My planner also had to consider the fact that he was planning on getting married someday and it was almost a guarantee that the girl of his dreams would decide that his choice in housing left much to be desired. There goes another sales commission and a commission for the replacement property. This can also be an issue for someone who may have their job relocated to a new area.
The end of our story for the young man was that he decided it was more cost efficient to stay in the apartment for a while. This is not necessarily the case for everyone, but I hope I’ve given you an idea of the type of calculations needed to make this decision. As you can see, it is not as cut and dried as it may appear at first glance.
Buying a home is a decision that should be thought out carefully. I remember my wife and I buying our first home in a lower cost area of town. When we moved there, the community was dominated by young couples and families like ours. In a couple of years, we made our move across town to a larger home. As it turned out, the area of town we first lived in had a significant increase in crime a few years after we left. We lucked out by leaving when we did.

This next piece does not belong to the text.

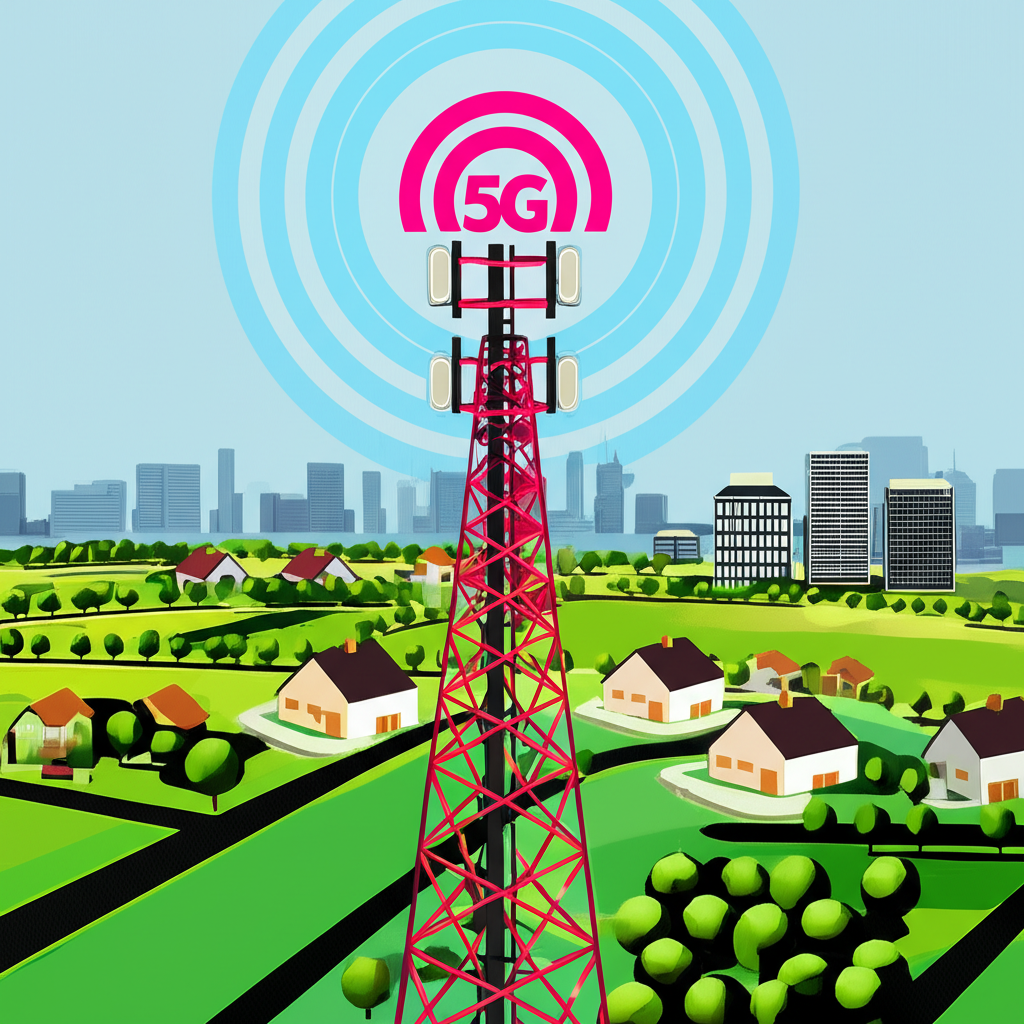 T-Mobile 5G 網路訊號延伸至鄉村田野與城市辦公大樓的插圖,代表企業市場成長的創新與友好風格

As you can see, the decision to buy property can be loaded with complexities and possible pitfalls. We often hear all the success stories without the challenges that may be involved. There can be some really compelling reasons to own your personal residence, but it‘s wise to make that determination after doing some careful calculations. When considering real estate as an outside investment, it‘s important to think about it as a job and decide if it’s a line of work that fits your overall plan for life. It is clearly not for everyone regardless of what you hear from the “get rich quick with real estate” crowd.